Childhood neglect can increase depression [56]. While our findings may give some insight into the relationship between SPT and depression, other factors such as heredity and the interaction between environment and heredity should be further explored [57,58,59].

Although there was a trend for APT to be positively correlated with neglect in the correlational analysis, there was no relationship between APT and neglect in the mediation analysis. One possible explanation for this discrepancy is the difference in statistical methods. The correlation analysis (a single factor analysis) was relatively unstable compared to mediation analysis.

While the current study provides significant insight into the relationships between ATP/SPT and depression, there are some limitations that must be considered. First, whether the results of the current study are applicable to a clinical population is unknown, since all participants were healthy college students. Thus, future research should include clinically diagnosed SPD and ASD patients.

Second, the current study only explored childhood mental factors affecting the relationships between APT/SPT and depression. Future studies should include genetic effects on the relationships between APT/SPT and depression [10] as well as the effects of the interaction between genetics and environment.

Third, since the participants were from medical and general colleges that tend to have more female than male students, there was a large discrepancy between the number of male and female participants in the current study.

Fourth, data were collected through self-report questionnaires, which are prone to bias since participants wish to provide socially desirable responses. Specifically, recall bias is inherent to questions on the CTQ relating to the recall of childhood traumas.

Fifth, the Zung self-rating depression scale is well-validated in the measurement of depression symptoms [37]. However, the validity of the questionnaire in the measurement of depression trait is unclear. Therefore, future research should use a depression trait scale to further explore the association between ATP/SPT and depression.

Sixth, SPT and depression can confound one another. For example, anhedonia-like characteristics are shared between SPT and depression and as such these factors are difficult to dissociate.

Seventh, this study is a cross-section study, and therefore, causal relationships can not be determined.

Eighth, relational data, such as general psychopathology in the family, which may increase risk for general psychopathology were not gathered in the current study.
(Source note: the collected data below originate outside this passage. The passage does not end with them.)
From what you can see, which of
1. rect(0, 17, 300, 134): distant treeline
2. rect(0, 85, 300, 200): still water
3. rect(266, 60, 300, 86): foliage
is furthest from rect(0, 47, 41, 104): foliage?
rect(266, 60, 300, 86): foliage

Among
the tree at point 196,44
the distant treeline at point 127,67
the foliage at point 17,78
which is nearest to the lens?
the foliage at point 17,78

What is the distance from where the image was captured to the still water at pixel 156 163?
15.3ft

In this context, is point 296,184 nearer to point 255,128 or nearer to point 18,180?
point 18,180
In future studies, we will further test the mediating effects of neglect in the relationship between SPT and depression controlling for psychopathology in the family.

Lastly, although CTQ is a commonly accepted scale for assessing childhood abuse and neglect [35], some recent studies have found that CTQ may lack structural invariance in cross-cultural adaptations [60].

Conclusions

To our knowledge, this is the first study to examine childhood neglect as a mediating factor in the relationship between APT/SPT and depression. Among types of childhood maltreatment, neglect was the strongest predicting factor for depression. Neglect did not account for the relationship between APT/SPT and depression but was a strong mediating factor between SPT and depression.